### Saved entries
::::

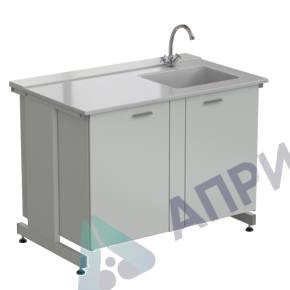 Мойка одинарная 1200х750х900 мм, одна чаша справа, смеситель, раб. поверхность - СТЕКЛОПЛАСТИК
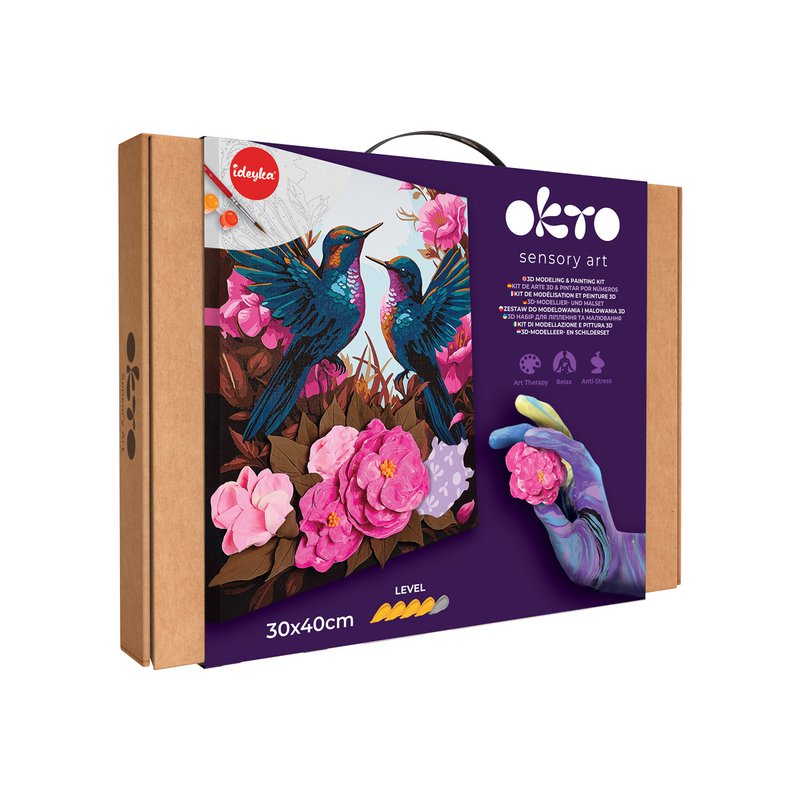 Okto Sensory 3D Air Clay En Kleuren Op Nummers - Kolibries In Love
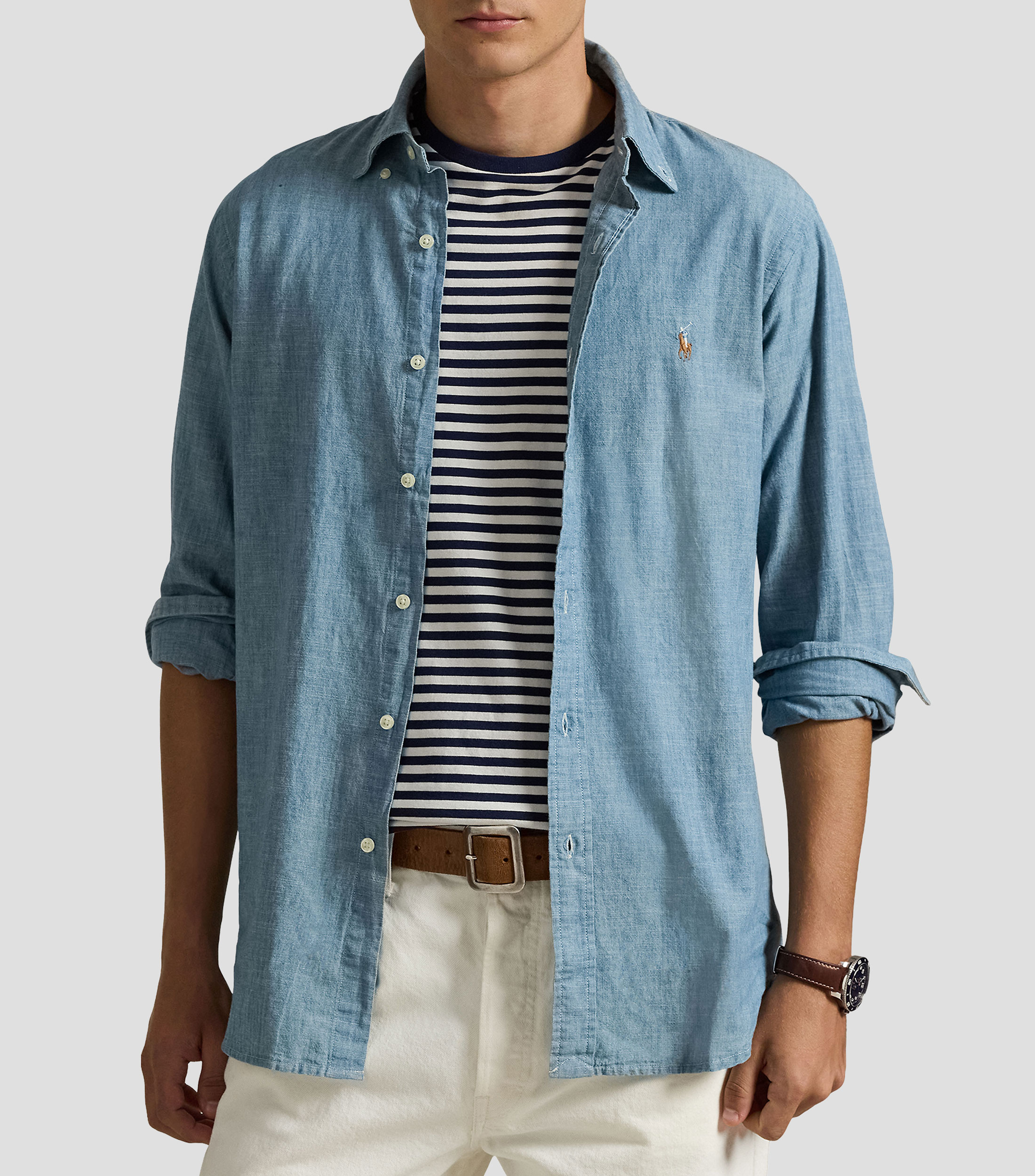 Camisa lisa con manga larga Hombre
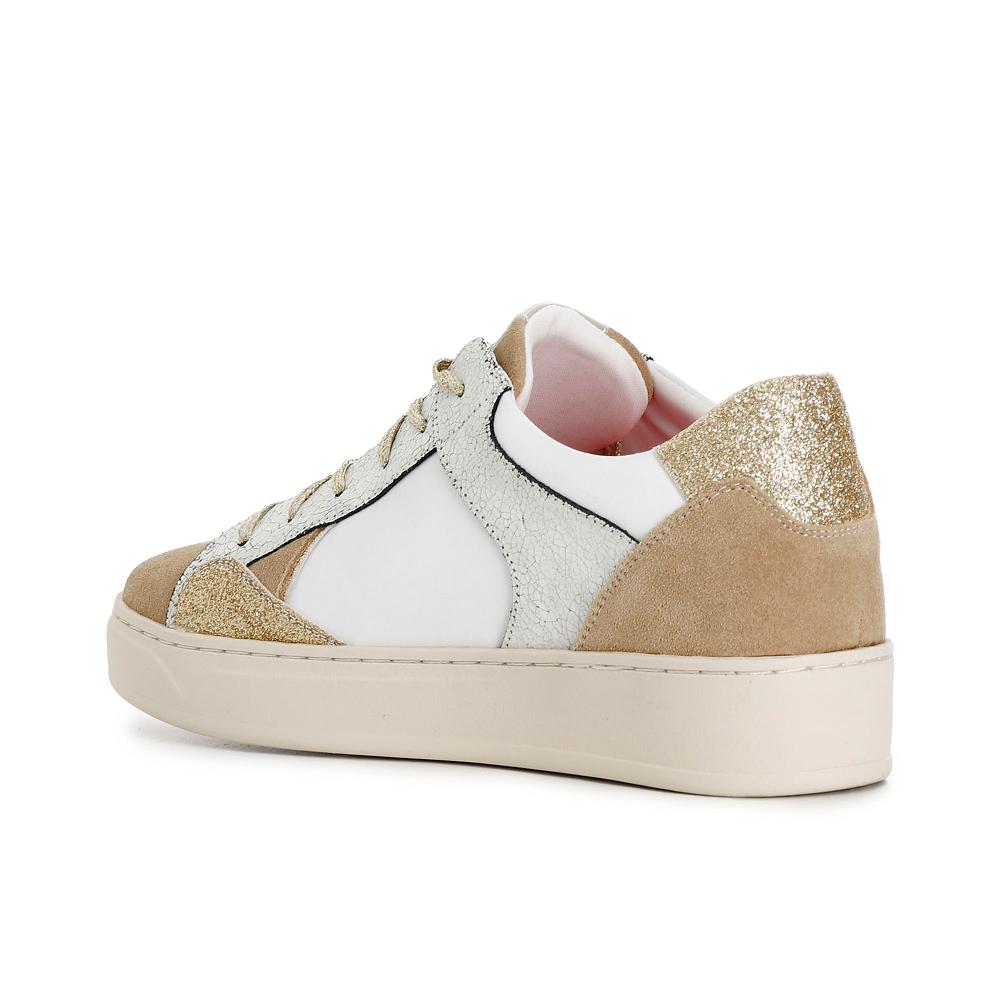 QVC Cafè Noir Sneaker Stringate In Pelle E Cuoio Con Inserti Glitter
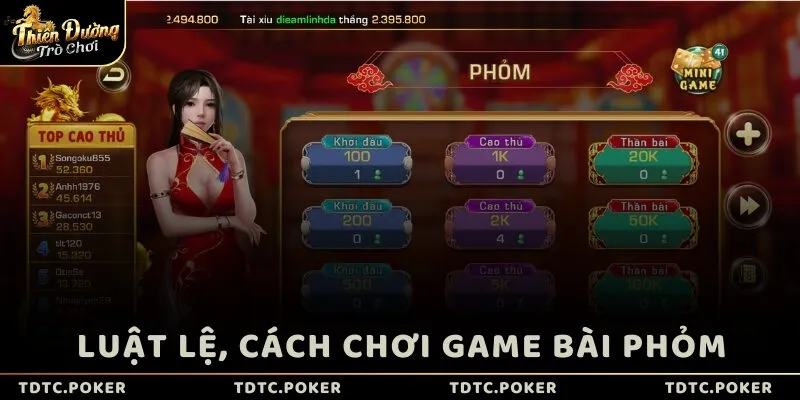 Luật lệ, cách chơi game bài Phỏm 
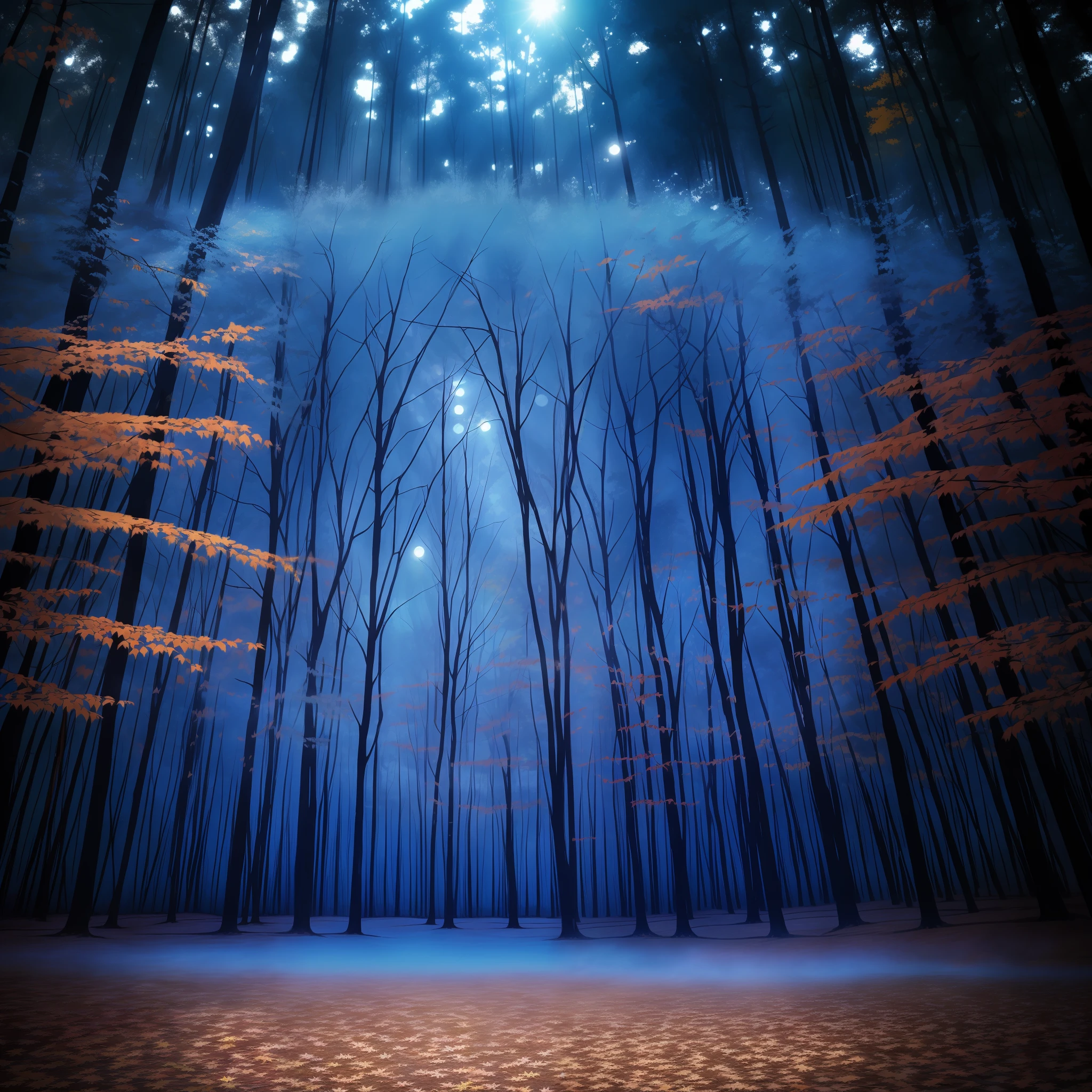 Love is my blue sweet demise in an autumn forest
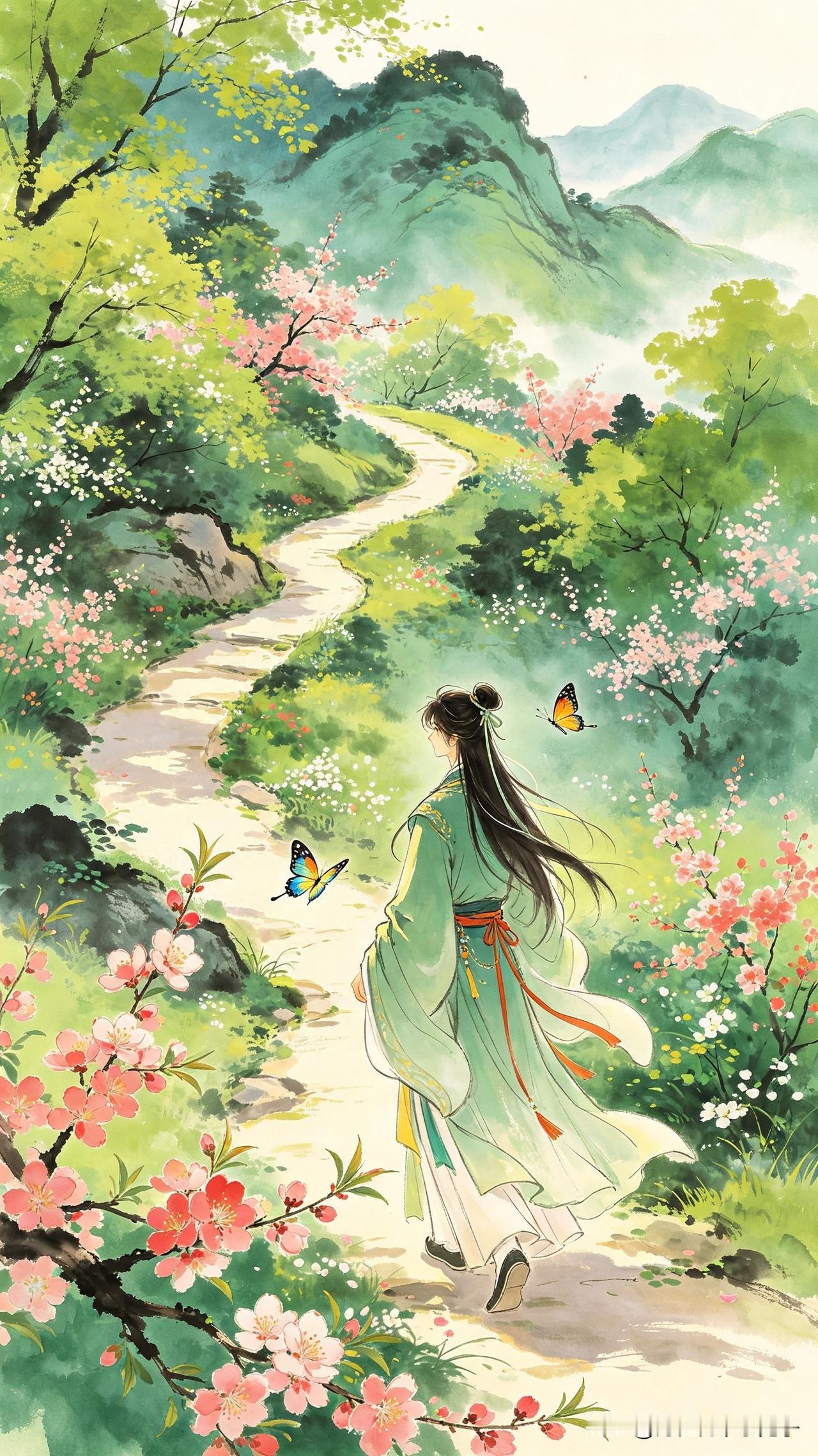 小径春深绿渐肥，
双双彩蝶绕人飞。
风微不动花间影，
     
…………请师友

::::

### Required work
Repeat the data exactly, dropping every picture it holds.

### Task result
 Мойка одинарная 1200х750х900 мм, одна чаша справа, смеситель, раб. поверхность - СТЕКЛОПЛАСТИК
 Okto Sensory 3D Air Clay En Kleuren Op Nummers - Kolibries In Love
 Camisa lisa con manga larga Hombre
 QVC Cafè Noir Sneaker Stringate In Pelle E Cuoio Con Inserti Glitter
 Luật lệ, cách chơi game bài Phỏm 
 Love is my blue sweet demise in an autumn forest
 小径春深绿渐肥，
双双彩蝶绕人飞。
风微不动花间影，
     
…………请师友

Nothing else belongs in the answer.